# What is the best XL car?



## lucaaisle (May 23, 2017)

Hi guys
What is the best XL cars for fuel economy.
I'm looking for 2006-2010 XL cars.
I don't wanna buy new car for Uber and Lyft. Because i have a 2014 Honda Accord (110K miles) and i need to change transmassion. 

Please advice.


----------



## AzAppDriver (Feb 27, 2017)

Get a minivan. Preferably a Toyota or Honda.


----------



## Seamus (Jun 21, 2018)

Up until this past summer I used a 2007 Honda Odyssey 290000 miles and still a champ. Loved it.


----------



## Pax Collector (Feb 18, 2018)

Toyota Sienna.


----------



## rideshare2870 (Nov 23, 2017)

Don’t get a Honda is all I can tell you. Their transmission is a big problem that affects most of their models as well as their Acura lineup.


----------



## Seamus (Jun 21, 2018)

rideshare2870 said:


> Don't get a Honda is all I can tell you. Their transmission is a big problem that affects most of their models as well as their Acura lineup.

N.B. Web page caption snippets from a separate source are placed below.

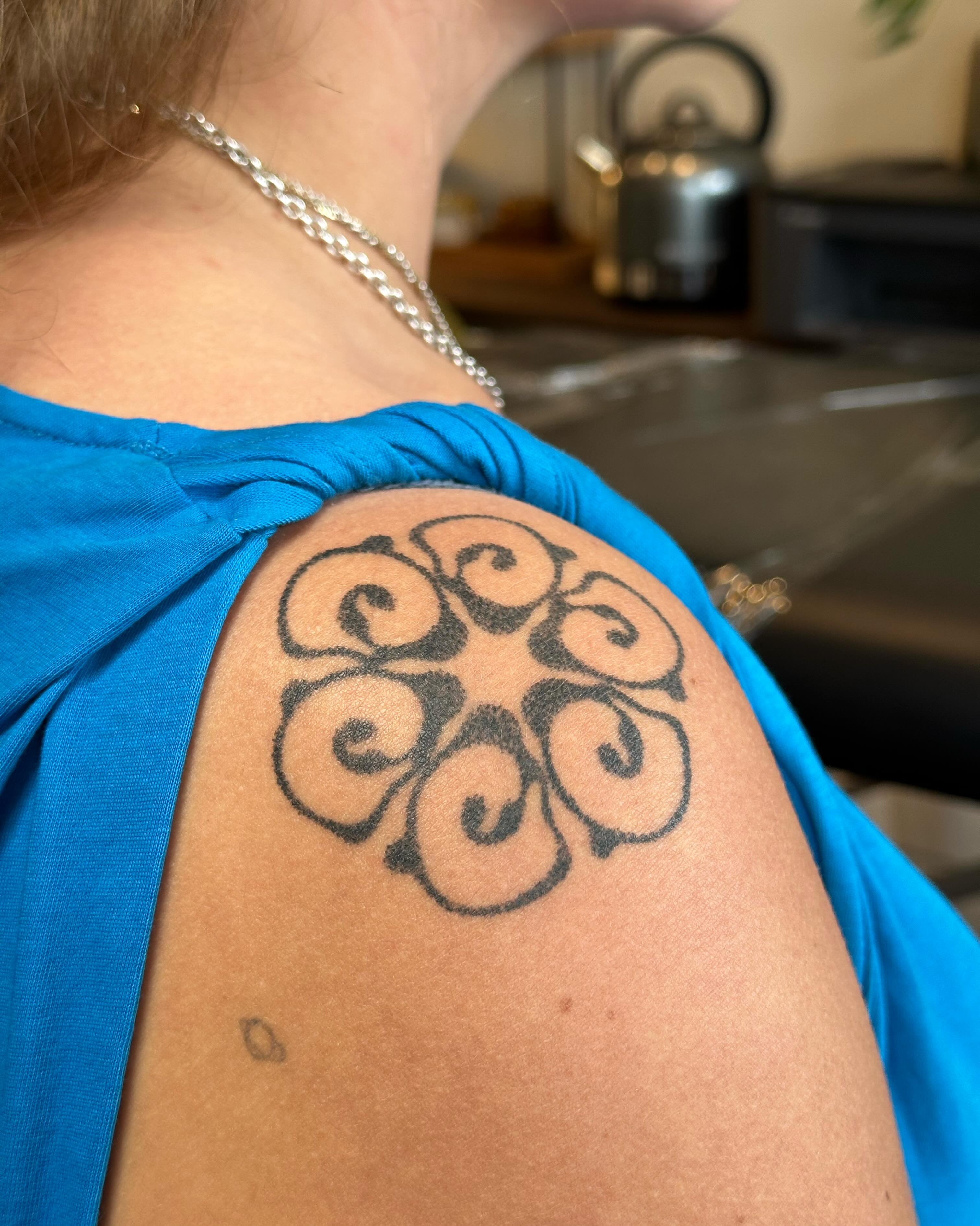 Tattoo by @rrrackham — geometric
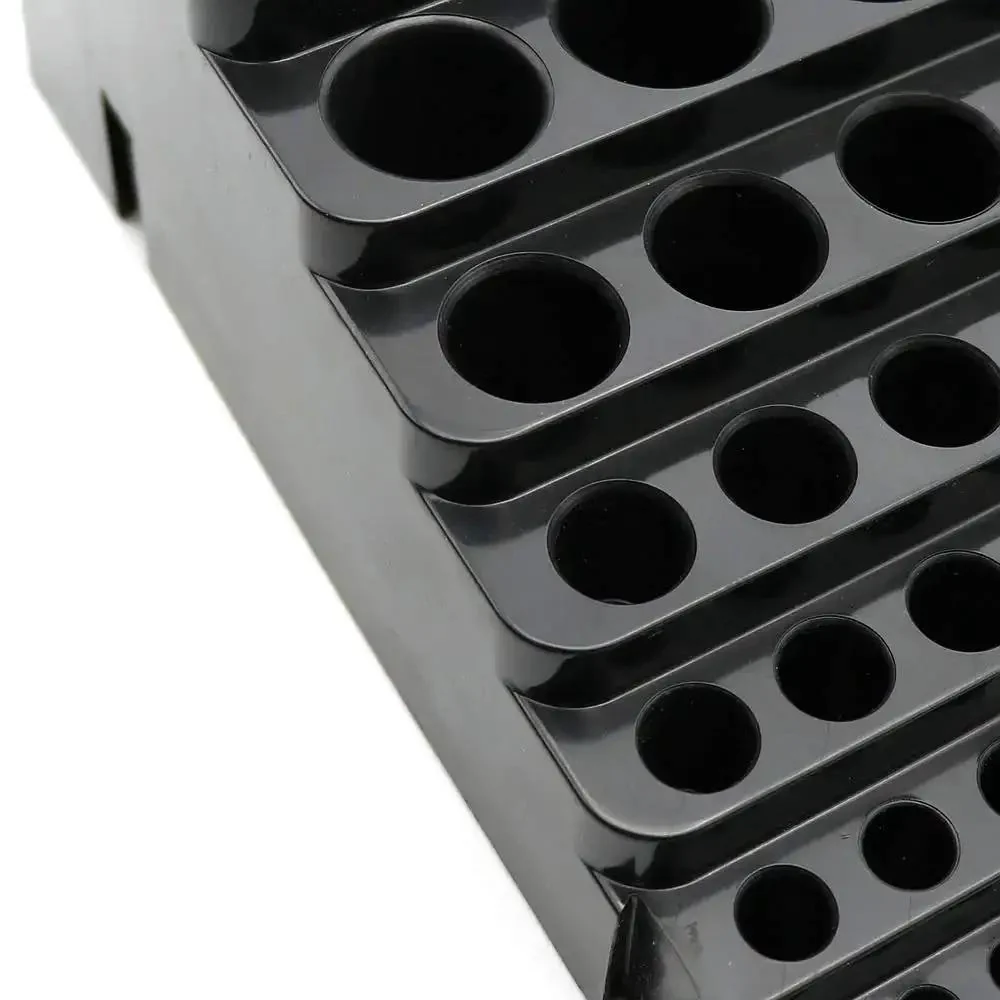 All In One CNC Tool Storage Case For Milling Cutters Reamers And Drill Bits Organizer With Screwdriver Bits And Tap Holder Durable PP Construction Keeps Tools Neat And Ready To Grab - Image 3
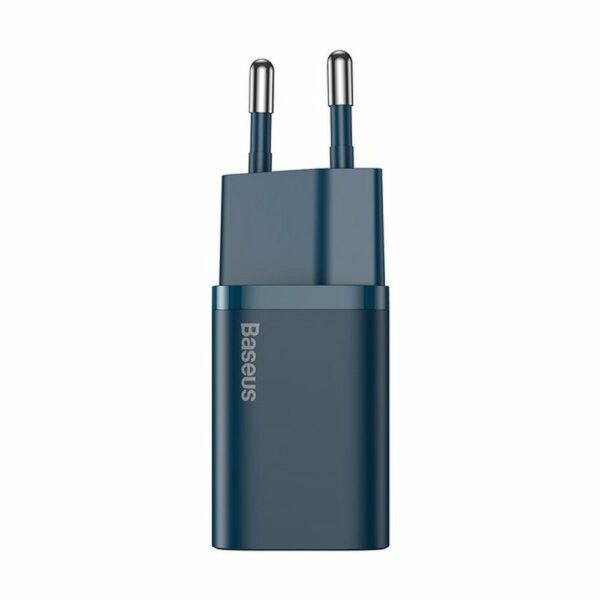 BASEUS wall charger Type C + cable Type C to Lightning PD QC3.0 3A 20W TZCCSUP-B03 blue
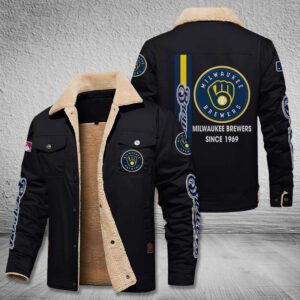 Milwaukee Brewers Fleece Cargo Jacket Winter Jacket FCJ1795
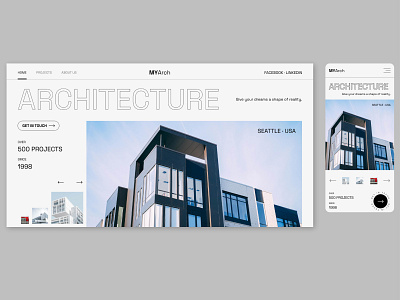 MyArch Architecture Firm Landing Page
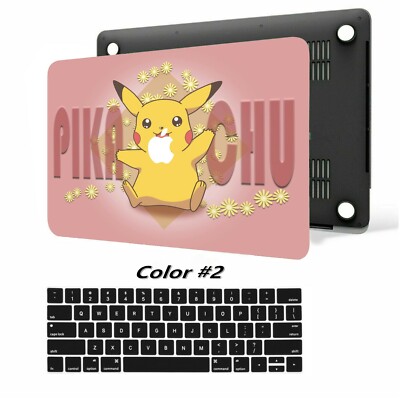 2026 New For Macbook Air Pro Pokemon GO Cartoon Rubberized Hard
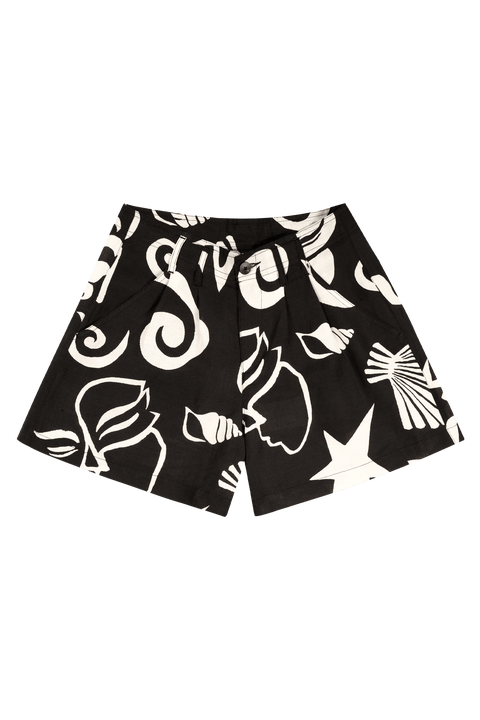 Maximon Pleated Linen Shorts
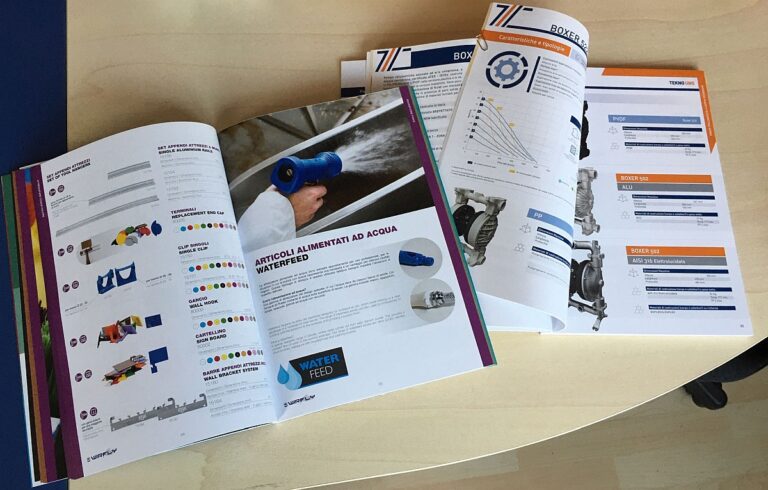 Catalogo aziendale realizzato da Tonello Marketing Vicenza - 2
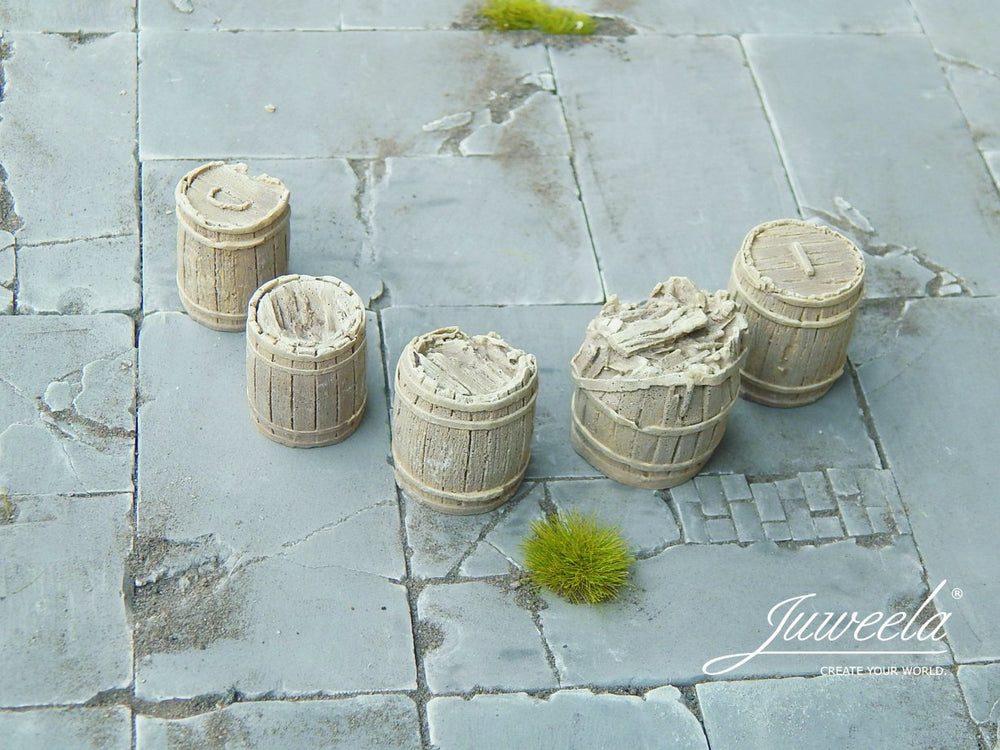 1/35 Scale old wooden boxes damaged light Brown 10 pieces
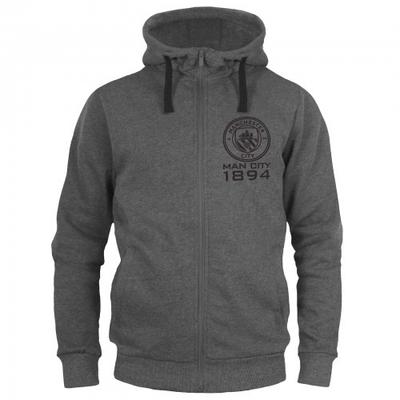 Sudadera con capucha y cremallera completa de forro polar para hombre Manchester City FC 1894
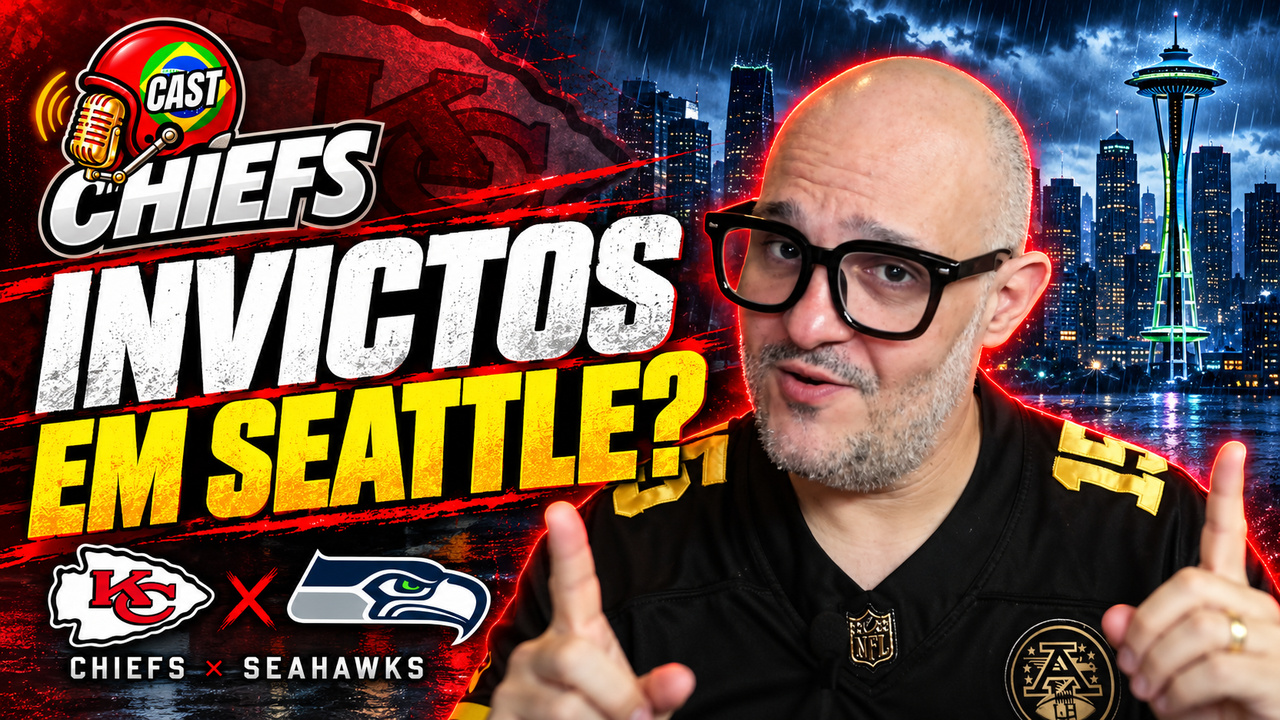 CHIEFS x SEAHAWKS: A REVANCHE DE WALKER? Invictos contra o campeão | NFL 2026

I have heard of that for model years before 2004.

I have had:

3 Honda Civics
2 Honda Odysseys
2 Honda Accords

And never had a transmission problem.

Prior to about 2007 well known to have timing belt go around 120,000 miles. To my knowledge, Honda is well beyond those issues but to each their own. I would buy a Honda or Toyota any day over most other manufacturers and I was a Manufacturing Engineer for General Motors for 12 years! Of course back then I had to buy all GM products to park in the parking lot at work! LOL


----------



## rideshare2870 (Nov 23, 2017)

Seamus said:


> I have heard of that for model years before 2004.
> 
> I have had:
> 
> ...


Parking in the back. Yup, that's true. I heard that complaint from family.


----------



## Mm cm (Dec 18, 2018)

lucaaisle said:


> Hi guys
> What is the best XL cars for fuel economy.
> I'm looking for 2006-2010 XL cars.
> I don't wanna buy new car for Uber and Lyft. Because i have a 2014 Honda Accord (110K miles) and i need to change transmassion.
> ...


Stop believing in xl or black...see... They will push you to get only Uber pool and Uber x ....
Only 1 % in Uber platform are black car or xl .....you will do big error to buy car over 5k to buy Uber .....they will put you 300 miles daily for 200$ . Taking of the gas the milage maintenance ... How much you will make ....


----------



## Codyboy1 (May 21, 2018)

Mm cm said:


> Stop believing in xl or black...see... They will push you to get only Uber pool and Uber x ....
> Only 1 % in Uber platform are black car or xl .....you will do big error to buy car over 5k to buy Uber .....they will put you 300 miles daily for 200$ . Taking of the gas the milage maintenance ... How much you will make ....


I drive a18 suburban. When I allow x rides, it does not offer me pool rides. I was concerned about this. I only run x when I need to get somewhere. Note I do have a lot of regulars from my taxi days. I've been doing this for 20 years.


----------



## kdyrpr (Apr 23, 2016)

The cheapest piece of crap that fits the vehicle criteria. That would be apply for every platform there is.


----------